MILAN, Aug 8 (Class Editori) – Beijing delivers some positive figures regarding exports, despite the news of the PBC's decision to have the yuan hit its lowest level since the 2008 financial crisis – way past the psychological threshold of 7 (7.0039 against the US dollar). This way, the Chinese central bank allows the national currency to oscillate between +/-2% during the same day. Last Monday, when the yuan dropped past 7 (but holding a 6.9 fixing), the US President Donald Trump accused Beijing of being officially depreciating their currency for their own commercial ends.
Exports from China unexpectedly rose 3.3% year-on-year in July, recovering from a 1.3% decline in June, going beyond market expectations predicting a 2% drop. Sales abroad bounced back up despite the US' new round of tariffs, hitting around 300 billion dollars of Chinese goods and set to come into force on September 1st.
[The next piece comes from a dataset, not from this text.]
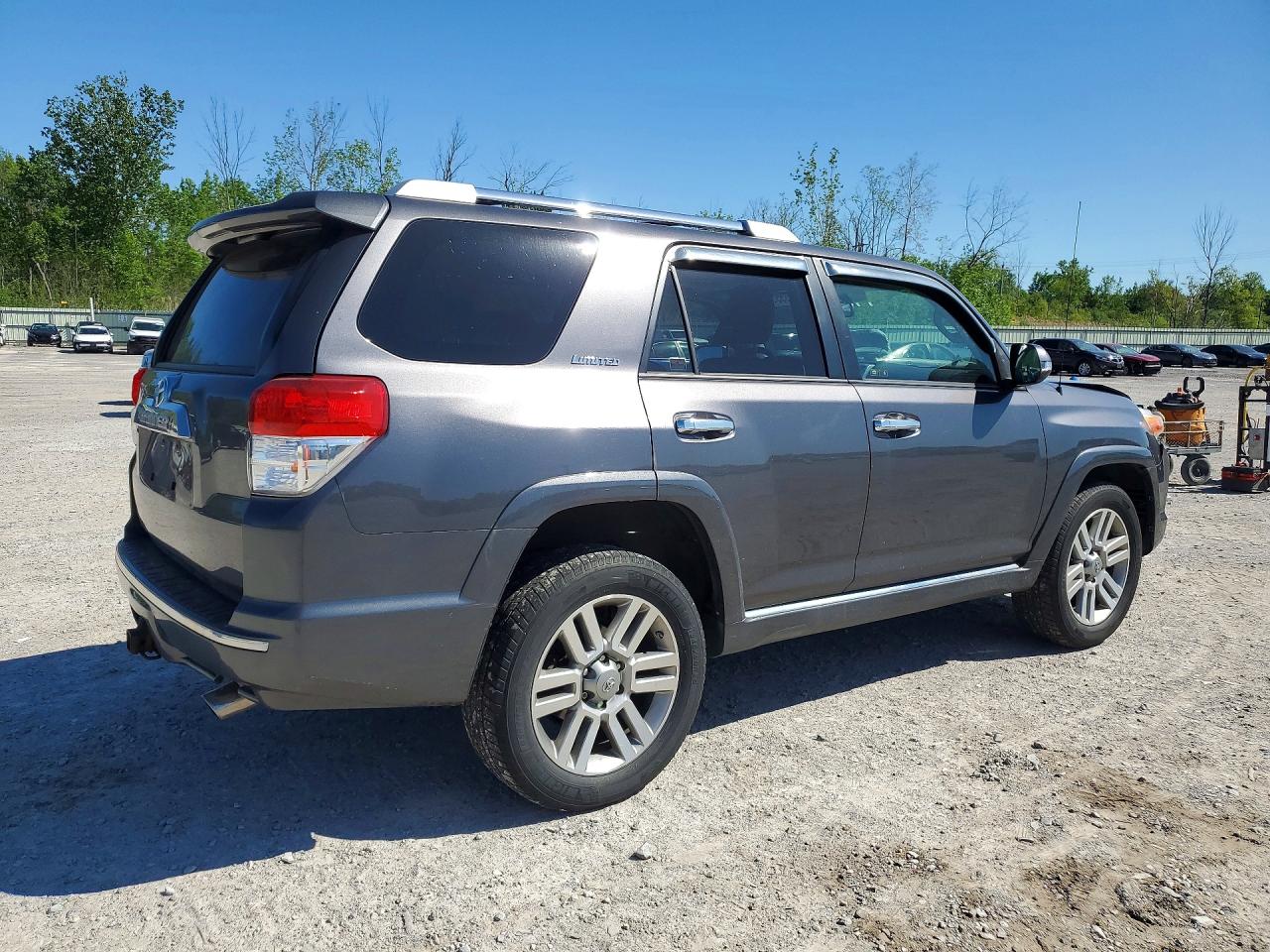 2010 TOYOTA 4RUNNER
Meanwhile, imports fell by 5.6% on an annual basis again in July, after a 7.3% drop during the previous month and a 8.3% drop in market expectations. Registered general decreases in exports toward the US (-19.1%), Japan (-13%), South Korea (-20.1%), Taiwan (-6.8%), and the EU (-3.3%); growth is registered in shipments toward Australia (+18.7%), and other ASEAN countries (+0.4%).
Also in July, China's trade surplus rose to 45.06 billion dollars, against the 27.49 billion dollars registered during the same month of the previous year, and performing better than the market consensus of 40 billion. From year to year, exports grew by 3.3%, while imports decreased by 5.6%.
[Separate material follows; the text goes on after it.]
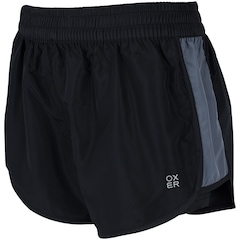 Shorts Feminino Duplo Recortes Oxer - Foto 6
After US President Trump announced 10% tariffs on 300 billion dollars of imported Chinese goods, starting from September 1st – also called the phase 3 of the trade war, which is greatly affecting the tech sector – the economists have started to increasingly fear that the global recession may be near. "The financial markets are increasing the risks," wrote Joseph Lupton, a JP Morgan economist. "Equities continue to slide while volatility increases – but the alarm bell is ringing stronger in the interest rate markets, where the reverse in the yield curve has been stronger than just before the beginning of the last major financial crisis".
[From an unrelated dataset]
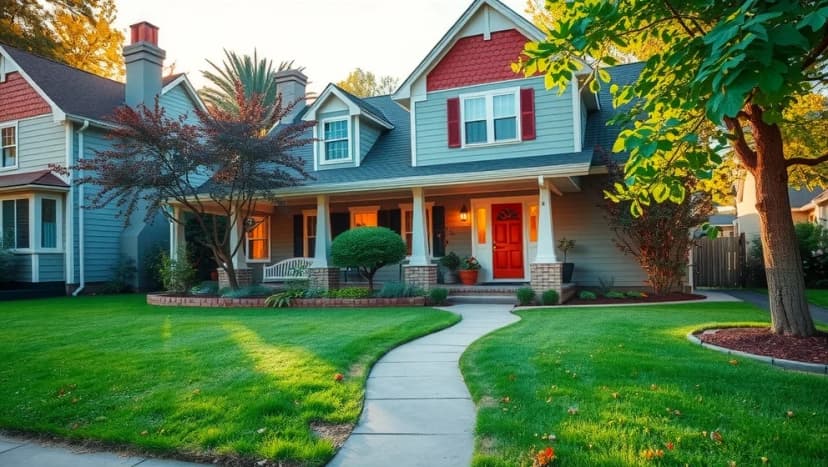 Hus till salu i Rockneby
The latest warning signal came when central banks in New Zealand, India and Thailand surprised the markets with an aggressive easing, while the Philippines should also be cutting the cost of money as of today. Meanwhile, Chicago Fed chairman Charles Evans explained that he is open to the idea of lower rates, in order to strengthen inflation and to counteract the risks affecting economic growth due to trade tensions.